Le mot une fois adopté conformément au bon usage[2], il fallait le définir et en montrer l’emploi à l’aide d’un exemple. Comment choisir ces exemples ? Il semblait naturel de demander aux écrivains renommés des modèles de beau langage, et Chapelain tenait en effet pour les citations des auteurs. Mais Vaugelas fut d’un autre avis, et ses raisons entraînèrent ses confrères.
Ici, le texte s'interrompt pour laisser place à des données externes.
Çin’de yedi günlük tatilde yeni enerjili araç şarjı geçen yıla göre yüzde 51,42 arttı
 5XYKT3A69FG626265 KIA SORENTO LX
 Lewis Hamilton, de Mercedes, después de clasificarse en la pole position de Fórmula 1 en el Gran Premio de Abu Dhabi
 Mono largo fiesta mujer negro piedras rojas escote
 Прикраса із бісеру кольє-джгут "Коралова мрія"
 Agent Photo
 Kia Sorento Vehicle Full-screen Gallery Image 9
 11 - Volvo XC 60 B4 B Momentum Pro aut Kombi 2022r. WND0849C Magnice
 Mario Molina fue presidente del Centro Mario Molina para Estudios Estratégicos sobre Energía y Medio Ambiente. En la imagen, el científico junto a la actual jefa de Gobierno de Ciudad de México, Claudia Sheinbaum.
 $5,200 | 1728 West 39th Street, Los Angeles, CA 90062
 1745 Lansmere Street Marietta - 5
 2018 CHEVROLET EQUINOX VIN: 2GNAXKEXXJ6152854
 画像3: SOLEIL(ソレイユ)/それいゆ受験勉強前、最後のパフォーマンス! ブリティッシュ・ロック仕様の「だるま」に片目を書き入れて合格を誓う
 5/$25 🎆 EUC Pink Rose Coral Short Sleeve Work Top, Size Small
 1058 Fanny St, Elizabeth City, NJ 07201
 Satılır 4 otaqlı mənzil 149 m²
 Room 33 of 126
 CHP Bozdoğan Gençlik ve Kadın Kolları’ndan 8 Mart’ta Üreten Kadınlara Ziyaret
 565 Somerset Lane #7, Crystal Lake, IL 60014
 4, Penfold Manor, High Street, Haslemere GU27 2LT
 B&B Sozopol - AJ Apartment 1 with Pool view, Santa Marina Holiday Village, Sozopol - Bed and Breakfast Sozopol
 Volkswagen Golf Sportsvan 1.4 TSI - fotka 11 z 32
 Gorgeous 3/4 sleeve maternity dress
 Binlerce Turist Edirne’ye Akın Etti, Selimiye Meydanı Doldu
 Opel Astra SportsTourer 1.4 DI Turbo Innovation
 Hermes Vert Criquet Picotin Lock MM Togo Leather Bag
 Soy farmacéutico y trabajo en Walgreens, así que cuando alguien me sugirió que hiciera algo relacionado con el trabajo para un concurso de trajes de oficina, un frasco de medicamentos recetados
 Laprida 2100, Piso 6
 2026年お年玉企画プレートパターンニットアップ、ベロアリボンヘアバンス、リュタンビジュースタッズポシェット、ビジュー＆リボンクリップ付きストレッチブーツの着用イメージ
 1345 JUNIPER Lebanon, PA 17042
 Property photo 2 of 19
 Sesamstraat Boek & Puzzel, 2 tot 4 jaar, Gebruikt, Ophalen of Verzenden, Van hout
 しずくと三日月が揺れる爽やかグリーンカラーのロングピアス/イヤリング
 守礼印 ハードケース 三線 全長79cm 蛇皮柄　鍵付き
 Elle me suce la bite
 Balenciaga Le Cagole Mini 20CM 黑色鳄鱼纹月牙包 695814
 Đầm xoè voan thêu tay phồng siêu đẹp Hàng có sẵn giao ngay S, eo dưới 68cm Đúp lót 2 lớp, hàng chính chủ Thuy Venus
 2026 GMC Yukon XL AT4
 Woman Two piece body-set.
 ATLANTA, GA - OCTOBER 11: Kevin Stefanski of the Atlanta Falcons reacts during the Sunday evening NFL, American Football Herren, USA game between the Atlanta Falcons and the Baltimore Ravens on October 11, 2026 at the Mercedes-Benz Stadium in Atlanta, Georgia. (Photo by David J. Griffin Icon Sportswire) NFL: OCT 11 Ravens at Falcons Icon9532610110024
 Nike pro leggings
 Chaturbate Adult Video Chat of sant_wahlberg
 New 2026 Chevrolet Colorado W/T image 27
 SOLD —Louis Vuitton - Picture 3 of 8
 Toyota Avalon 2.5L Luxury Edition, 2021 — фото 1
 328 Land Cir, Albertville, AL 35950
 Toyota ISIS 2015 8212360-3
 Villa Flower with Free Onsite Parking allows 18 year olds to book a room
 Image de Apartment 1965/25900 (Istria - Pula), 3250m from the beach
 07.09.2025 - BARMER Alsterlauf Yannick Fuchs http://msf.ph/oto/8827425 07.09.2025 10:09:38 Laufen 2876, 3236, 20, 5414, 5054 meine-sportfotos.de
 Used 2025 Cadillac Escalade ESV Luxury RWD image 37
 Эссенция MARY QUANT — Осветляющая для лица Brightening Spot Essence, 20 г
Il n’eut pas de peine à leur montrer qu’une citation n’est bonne que si elle est tirée d’un ouvrage qui fasse autorité ; mais de pareilles autorités, qui setrouvent aisément aux époques de perfection classique, n’existaient pas, ne pouvaient même exister au temps où ils vivaient, puisque le rôle de l’Académie était justement d’aider la langue et la littérature à naître. De plus, une phrase toute faite, même puisée à une bonne source, ne s’applique souvent qu’avec un certain effort à la définition qu’on veut illustrer ; comme elle n’a pas été écrite dans cette vue, ou elle est trop longue, ou elle n’est pas assez caractéristique ; des deux façons, elle ne dit pas exactement ce qu’il faut faire entendre. A l’exemple emprunté, Vaugelas préférait l’exemple créé pour la circonstance, composé tout exprès pour rendre sensible la force du mot et marquer l’étendue de sa signification ; il est plus simple, plus précis, il

  1. Vaugelas, Remarques, I, p. 286.
  2. Vaugelas définit le bon usage « la façon de parler de la plus saine partie de la Cour, conformément à la façon d’écrire de la plus saine partie des Auteurs du temps. » « Ce n’est pas pourtant, ajoute-t-il, que la Cour ne contribue incomparablement plus à l’usage que les Auteurs ni qu’il n’y ait aucune proportion de l’un à l’autre. Car enfin la parole qui se prononce est la première en ordre et en dignité, puisque celle qui est écrite n’est que son image, comme l’autre est l’image de la pensée. » Remarques (éd. Chassang), préface, I, p. 13.